The Content Security Policy (CSP) frame-ancestors directive obsoletes the X-Frame-Options header. Both provide for a policy-based mitigation technique against cross-frame scripting vulnerabilities. The difference is that while the X-Frame-Options technique only checks against the top-level document’s location, the CSP frame-ancestors header checks for conformity from all ancestors.

If both CSP frame-ancestors and X-Frame-Options headers are present and supported, the CSP directive will prevail. WebInspect recommends using both CSP frame-ancestors and X-Frame-Options headers as CSP is not supported by Internet Explorer and many older versions of other browsers.

內容安全策略 (CSP) frame-ancestors 指令廢棄了 X-Frame-Options 標頭。兩者都提供了針對跨框架腳本漏洞的基於策略的緩解技術。不同之處在於，雖然 X-Frame-Options 技術僅檢查頂級文檔的位置，但 CSP frame-ancestors 標頭檢查所有祖先的一致性。

In addition, developers must also use client-side frame busting JavaScript as a protection against XFS. This will enable users of older browsers that do not support the X-Frame-Options header to also be protected from Clickjacking attacks.

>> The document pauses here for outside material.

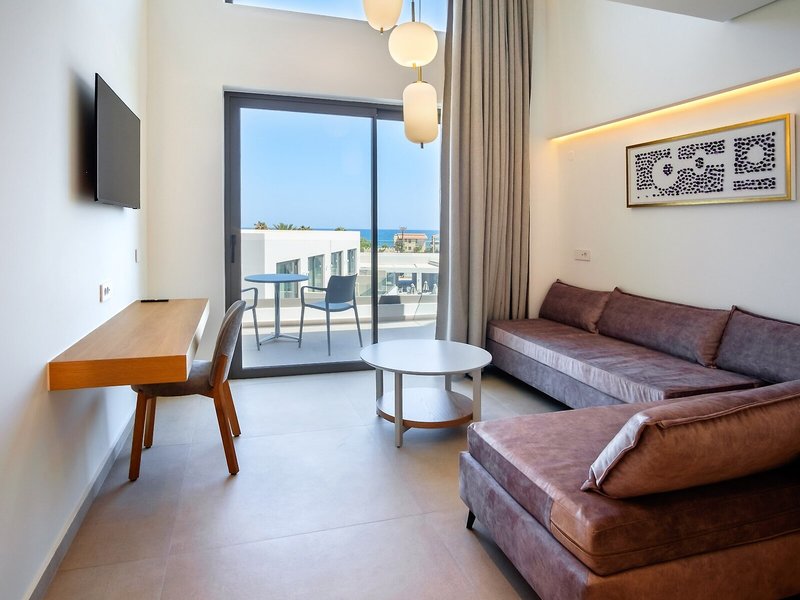 Phos Hotel Platanias 40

此外，開發人員還必須使用客戶端框架破壞 JavaScript 作為對 XFS 的保護。這將使不支持 X-Frame-Options 標頭的舊瀏覽器的用戶也可以免受 Clickjacking 攻擊。

X-Frame-Options

Developers can use this header to instruct the browser about appropriate actions to perform if their site is included inside an iframe.

如果他們的網站包含在 iframe 中，開發人員可以使用此標頭指示瀏覽器執行適當的操作。

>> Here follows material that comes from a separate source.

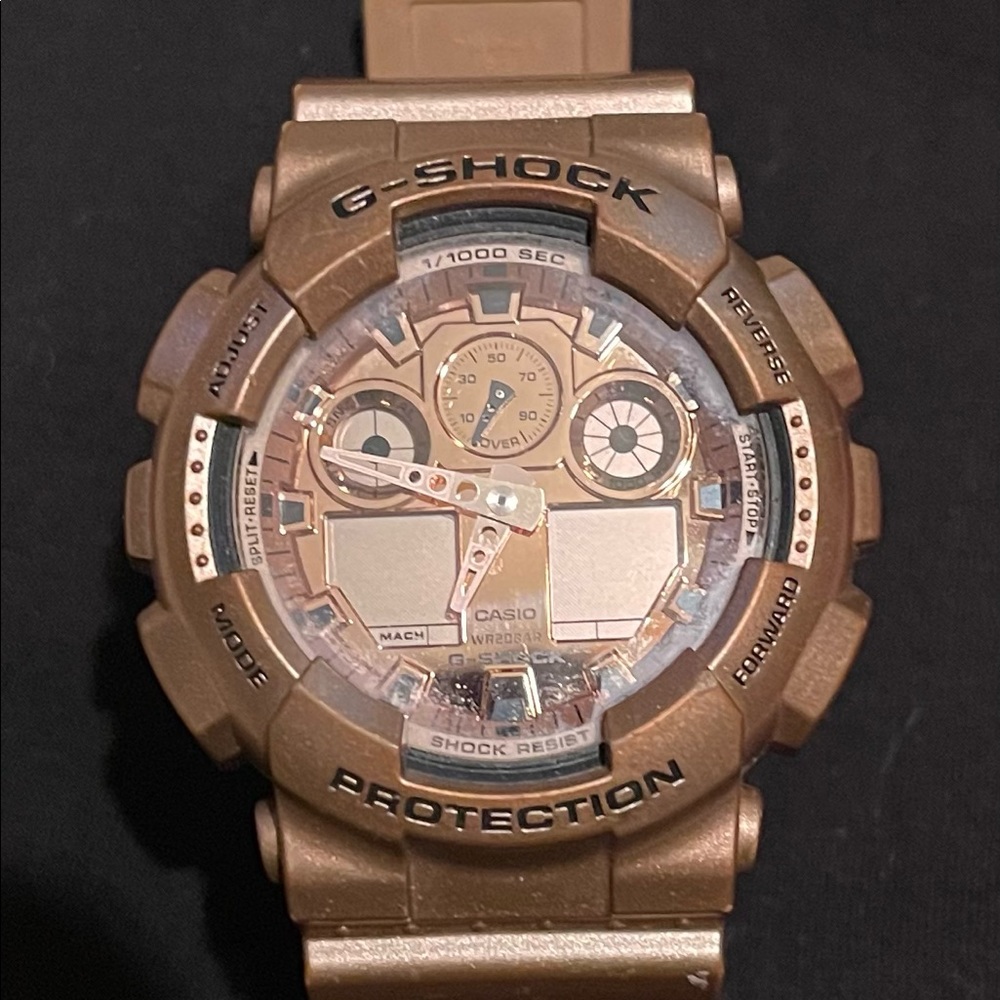 GSHOCK WATCH by CASIO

Developers must set the X-Frame-Options header to one of the following permitted values:

開發人員必須將 X-Frame-Options 標頭設置為以下允許值之一：DENY、SAMEORIGIN、ALLOW-FROM origin、Content-Security-Policy: frame-ancestors。

DENY

Deny all attempts to frame the page

SAMEORIGIN

The page can be framed by another page only if it belongs to the same origin as the page being framed

ALLOW-FROM origin

Developers can specify a list of trusted origins in the origin attribute. Only pages on origin are permitted to load this page inside an iframe

Content-Security-Policy: frame-ancestors

Developers can use the CSP header with the frame-ancestors directive, which replaces the X-Frame-Options header, to instruct the browser about appropriate actions to perform if their site is included inside an iframe. Developers can set the frame-ancestors attribute to one of the following permitted values:

開發人員可以將 CSP 標頭與 frame-ancestors 指令一起使用，該指令替換 X-Frame-Options 標頭，以指示瀏覽器在其站點包含在 iframe 中時執行適當的操作。開發人員可以將 frame-ancestors 屬性設置為以下允許值之一：

‘none’

Equivalent to “DENY” - deny all attempts to frame the page

‘self’

Equivalent to “SAMEORIGIN” - the page can be framed by another page only if it belongs to the same origin as the page being framed

<host-source>

Equivalent to “ALLOW-FROM” - developers can specify a list of trusted origins which maybe host name or IP address or URL scheme. Only pages on this list of trusted origin are permitted to load this page inside an iframe

<scheme-source>

Developers can also specify a schema such as http: or https: that can frame the page.